On the "conversion complete" bit: if you migrated your stuff from, say, Notion, did you move all of it to Obsidian or do you still use Notion for some things?
I moved from Notion after I made a database of about 40 items and Notion became super slow for me. I manually moved my information over and didn't finish doing that. I don't use Notion anymore, except to transfer things that are still hanging out there. (They are not things I expect to need to reference frequently, hence being able to not use Notion and leave them untransferred. However, I still want to transfer them because I might need to at some point, and want it in one place instead of having to run back to Notion.)
I used to use Google Docs for my academic notes and have been writing new ones in Obsidian. I transferred a few docs manually, but the rest are, like with Notion, untransferred and still in Google Docs. Since I still do use Docs for anything collaborative, since the workspace is still something I use, it is still convenient for me to just search for my old academic notes in Docs. Would like to eventually transfer to Obsidian. I originally wanted Notion to be my place for everything, and to move all my Docs information to Notion. Now that I've abandoned Notion for Obsidian, my goal to move my Docs information has changed to moving it to Obsidian.

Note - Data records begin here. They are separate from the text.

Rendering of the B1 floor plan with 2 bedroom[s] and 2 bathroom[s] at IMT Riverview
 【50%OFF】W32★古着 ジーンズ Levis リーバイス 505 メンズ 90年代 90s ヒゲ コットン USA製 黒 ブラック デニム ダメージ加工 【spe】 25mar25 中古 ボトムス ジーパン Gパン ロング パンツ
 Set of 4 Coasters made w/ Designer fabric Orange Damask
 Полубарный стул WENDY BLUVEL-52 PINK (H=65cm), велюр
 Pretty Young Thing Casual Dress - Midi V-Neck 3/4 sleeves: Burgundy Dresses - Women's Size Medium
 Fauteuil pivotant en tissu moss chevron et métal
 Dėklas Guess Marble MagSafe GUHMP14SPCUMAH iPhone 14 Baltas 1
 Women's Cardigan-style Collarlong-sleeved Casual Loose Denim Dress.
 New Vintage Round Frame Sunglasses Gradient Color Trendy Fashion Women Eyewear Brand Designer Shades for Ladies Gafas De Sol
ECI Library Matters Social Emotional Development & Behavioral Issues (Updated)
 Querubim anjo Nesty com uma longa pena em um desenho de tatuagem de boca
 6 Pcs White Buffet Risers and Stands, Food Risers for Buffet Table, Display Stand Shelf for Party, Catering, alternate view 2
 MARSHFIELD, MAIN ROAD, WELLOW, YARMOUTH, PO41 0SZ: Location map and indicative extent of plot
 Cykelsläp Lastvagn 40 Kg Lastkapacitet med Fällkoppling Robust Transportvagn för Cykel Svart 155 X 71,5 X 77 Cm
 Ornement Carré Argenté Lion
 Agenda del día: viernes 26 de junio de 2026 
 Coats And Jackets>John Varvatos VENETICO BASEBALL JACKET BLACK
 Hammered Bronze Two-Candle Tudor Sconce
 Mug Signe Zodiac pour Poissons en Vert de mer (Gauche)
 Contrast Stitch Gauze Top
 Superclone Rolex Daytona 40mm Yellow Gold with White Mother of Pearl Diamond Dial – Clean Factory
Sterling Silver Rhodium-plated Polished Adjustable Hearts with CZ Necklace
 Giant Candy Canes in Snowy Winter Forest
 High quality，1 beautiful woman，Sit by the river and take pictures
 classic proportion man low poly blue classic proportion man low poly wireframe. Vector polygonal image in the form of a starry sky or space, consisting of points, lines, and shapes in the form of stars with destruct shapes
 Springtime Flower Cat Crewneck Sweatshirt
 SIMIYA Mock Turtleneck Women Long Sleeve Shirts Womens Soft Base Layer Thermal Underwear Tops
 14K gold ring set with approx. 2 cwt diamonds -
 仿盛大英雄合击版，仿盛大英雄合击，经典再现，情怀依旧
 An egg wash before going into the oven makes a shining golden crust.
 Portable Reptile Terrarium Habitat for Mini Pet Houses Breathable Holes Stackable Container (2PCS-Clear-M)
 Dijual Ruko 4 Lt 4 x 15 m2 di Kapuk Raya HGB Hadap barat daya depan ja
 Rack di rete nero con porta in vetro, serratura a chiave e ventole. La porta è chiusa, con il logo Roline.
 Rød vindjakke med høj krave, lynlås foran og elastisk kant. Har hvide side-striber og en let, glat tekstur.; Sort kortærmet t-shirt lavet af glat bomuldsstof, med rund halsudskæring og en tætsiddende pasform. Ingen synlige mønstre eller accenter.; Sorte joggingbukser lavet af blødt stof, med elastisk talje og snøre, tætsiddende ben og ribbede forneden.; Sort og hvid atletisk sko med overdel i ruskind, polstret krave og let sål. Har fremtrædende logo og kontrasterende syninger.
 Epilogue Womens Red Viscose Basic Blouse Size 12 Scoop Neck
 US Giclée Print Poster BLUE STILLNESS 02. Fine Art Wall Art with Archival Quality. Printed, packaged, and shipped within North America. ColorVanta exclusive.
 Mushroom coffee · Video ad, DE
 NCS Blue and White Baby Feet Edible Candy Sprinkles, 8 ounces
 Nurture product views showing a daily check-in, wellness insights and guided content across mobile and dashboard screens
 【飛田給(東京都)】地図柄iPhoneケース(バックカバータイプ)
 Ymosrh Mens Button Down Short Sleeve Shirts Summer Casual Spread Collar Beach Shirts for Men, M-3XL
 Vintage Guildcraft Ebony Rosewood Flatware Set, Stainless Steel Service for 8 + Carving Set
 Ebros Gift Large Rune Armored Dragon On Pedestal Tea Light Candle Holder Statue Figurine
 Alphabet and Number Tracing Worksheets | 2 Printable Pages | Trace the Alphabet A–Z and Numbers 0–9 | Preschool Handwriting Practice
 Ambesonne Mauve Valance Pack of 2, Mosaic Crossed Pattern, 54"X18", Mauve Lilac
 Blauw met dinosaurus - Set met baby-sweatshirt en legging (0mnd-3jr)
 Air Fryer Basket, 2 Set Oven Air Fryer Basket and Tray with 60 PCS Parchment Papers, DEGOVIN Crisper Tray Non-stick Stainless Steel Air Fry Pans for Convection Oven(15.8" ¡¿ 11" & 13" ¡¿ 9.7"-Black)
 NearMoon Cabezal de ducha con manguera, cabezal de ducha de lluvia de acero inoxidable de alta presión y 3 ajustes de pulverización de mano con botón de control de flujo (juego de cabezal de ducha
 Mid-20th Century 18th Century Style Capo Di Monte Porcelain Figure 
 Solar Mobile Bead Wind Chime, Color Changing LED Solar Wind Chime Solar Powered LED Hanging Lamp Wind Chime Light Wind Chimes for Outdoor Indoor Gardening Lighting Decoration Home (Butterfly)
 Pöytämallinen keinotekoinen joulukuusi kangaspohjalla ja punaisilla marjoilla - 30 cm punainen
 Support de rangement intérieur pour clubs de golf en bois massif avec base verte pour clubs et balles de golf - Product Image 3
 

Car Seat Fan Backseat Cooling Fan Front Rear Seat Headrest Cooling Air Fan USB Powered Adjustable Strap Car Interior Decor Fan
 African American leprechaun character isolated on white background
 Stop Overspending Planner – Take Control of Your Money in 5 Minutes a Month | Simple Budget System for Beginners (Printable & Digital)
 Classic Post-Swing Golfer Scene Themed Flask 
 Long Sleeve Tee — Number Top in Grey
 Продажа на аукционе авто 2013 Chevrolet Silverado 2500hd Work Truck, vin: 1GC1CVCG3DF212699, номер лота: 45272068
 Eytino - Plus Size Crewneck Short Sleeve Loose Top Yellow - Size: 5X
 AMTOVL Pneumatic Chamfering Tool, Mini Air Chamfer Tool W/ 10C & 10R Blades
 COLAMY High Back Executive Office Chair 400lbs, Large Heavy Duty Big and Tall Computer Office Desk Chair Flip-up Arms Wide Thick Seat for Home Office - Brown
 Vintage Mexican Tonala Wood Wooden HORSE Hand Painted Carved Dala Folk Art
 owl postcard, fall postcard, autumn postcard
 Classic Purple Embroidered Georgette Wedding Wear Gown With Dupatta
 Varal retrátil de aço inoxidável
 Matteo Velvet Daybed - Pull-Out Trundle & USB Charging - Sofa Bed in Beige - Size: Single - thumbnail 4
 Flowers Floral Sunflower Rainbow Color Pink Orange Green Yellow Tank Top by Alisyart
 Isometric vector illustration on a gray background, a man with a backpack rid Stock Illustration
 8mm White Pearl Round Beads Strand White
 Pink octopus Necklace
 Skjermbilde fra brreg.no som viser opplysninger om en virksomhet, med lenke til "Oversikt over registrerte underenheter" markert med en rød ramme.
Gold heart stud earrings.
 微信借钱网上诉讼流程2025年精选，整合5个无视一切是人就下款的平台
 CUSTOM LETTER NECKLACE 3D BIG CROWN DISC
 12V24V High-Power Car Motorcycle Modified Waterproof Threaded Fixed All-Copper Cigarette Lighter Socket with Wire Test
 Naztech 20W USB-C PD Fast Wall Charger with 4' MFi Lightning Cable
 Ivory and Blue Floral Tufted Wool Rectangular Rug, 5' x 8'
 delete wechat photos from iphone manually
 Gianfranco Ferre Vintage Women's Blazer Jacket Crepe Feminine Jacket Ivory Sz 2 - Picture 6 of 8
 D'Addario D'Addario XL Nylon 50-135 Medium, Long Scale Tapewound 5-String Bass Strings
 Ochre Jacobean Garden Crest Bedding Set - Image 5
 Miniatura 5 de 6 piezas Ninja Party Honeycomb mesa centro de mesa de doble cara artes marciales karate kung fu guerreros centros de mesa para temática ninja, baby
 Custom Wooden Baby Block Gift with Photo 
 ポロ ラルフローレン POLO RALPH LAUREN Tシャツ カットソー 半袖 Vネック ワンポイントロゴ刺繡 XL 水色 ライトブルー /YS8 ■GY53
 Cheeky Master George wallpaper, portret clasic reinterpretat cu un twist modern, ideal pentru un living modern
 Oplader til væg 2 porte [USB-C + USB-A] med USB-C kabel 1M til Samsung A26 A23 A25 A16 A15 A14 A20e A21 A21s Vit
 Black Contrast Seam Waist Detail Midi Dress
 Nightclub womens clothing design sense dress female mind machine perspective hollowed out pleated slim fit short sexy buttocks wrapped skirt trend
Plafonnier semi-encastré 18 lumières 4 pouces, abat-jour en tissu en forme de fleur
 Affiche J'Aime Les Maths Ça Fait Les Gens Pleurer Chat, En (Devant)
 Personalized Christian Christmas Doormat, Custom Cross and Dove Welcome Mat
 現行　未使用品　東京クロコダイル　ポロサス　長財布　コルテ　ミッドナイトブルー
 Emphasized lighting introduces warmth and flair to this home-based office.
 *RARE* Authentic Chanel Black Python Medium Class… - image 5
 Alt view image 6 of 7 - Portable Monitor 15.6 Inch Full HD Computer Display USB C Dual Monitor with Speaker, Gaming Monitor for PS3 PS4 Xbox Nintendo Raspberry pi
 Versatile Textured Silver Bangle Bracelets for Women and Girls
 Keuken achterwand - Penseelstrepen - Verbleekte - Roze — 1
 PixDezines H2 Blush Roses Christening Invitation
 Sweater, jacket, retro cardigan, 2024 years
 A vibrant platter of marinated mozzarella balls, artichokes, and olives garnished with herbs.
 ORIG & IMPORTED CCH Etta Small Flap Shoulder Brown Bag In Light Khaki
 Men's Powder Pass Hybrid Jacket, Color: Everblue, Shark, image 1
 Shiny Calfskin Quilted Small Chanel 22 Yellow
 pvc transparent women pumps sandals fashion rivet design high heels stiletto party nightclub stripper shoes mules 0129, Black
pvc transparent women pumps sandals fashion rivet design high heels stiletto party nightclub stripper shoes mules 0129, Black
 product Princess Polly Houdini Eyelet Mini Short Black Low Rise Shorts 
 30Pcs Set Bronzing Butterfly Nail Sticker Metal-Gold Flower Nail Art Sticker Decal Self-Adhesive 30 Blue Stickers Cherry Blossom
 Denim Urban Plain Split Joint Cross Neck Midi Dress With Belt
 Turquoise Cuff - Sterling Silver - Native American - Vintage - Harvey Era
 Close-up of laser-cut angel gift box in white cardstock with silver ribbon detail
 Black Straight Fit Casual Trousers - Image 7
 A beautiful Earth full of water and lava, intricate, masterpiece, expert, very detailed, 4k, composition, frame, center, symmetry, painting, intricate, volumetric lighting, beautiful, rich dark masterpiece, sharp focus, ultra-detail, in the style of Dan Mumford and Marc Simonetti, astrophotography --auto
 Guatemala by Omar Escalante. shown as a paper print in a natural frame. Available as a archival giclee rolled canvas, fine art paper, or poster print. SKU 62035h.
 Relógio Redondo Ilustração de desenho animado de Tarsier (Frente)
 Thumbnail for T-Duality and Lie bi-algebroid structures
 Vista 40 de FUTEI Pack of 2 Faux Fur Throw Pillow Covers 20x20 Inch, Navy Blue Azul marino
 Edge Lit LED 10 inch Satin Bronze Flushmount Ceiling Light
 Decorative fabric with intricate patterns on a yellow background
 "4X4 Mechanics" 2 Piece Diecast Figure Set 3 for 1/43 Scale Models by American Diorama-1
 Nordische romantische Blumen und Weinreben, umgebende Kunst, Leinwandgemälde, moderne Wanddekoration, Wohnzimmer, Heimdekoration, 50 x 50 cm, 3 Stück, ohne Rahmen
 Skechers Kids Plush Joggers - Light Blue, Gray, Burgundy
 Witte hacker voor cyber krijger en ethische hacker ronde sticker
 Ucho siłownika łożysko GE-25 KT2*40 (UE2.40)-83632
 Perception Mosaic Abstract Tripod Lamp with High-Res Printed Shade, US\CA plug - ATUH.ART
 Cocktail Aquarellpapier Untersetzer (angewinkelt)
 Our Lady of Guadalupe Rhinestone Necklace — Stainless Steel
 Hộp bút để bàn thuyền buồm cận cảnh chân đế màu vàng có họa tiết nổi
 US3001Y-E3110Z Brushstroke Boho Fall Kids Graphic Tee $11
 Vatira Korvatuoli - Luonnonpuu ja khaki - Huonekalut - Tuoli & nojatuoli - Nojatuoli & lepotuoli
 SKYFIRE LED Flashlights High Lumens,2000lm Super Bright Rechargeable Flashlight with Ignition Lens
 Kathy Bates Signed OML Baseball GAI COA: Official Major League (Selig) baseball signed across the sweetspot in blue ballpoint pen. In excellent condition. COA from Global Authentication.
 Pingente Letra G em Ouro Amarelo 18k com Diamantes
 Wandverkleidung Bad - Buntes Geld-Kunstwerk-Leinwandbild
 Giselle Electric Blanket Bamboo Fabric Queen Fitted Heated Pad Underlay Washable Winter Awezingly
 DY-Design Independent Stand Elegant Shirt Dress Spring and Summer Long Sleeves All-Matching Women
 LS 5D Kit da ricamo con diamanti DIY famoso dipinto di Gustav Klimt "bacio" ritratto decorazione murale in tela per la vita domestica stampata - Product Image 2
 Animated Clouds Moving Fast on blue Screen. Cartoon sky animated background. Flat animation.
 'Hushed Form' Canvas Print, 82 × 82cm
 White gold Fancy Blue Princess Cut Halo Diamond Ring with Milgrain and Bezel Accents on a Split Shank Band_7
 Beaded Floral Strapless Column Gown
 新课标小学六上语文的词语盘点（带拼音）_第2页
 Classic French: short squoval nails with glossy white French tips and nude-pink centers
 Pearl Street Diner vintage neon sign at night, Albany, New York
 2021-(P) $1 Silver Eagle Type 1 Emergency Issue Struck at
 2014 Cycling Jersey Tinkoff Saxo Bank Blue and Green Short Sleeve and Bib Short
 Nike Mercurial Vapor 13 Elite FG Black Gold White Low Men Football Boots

There are probably plugins to transfer from these places to Obsidian, or at least some script to make .md files out of Notion and Docs things. Part of why I don't do this is because when I transfer, I also like to clean up the information. Investigate things that were written down hastily that I no longer understand, make that stream-of-consciousness more comprehensible, remove information or to-do-later things that are no longer relevant…
For dummies like me, Cornell NTS is just Cornell Note Taking System, which seems to include but is not exactly the same thing as Cornell Notes.
It really revolutionized my learning. Taking notes in this way necessarily generates a study guide which can easily be turned into flash cards.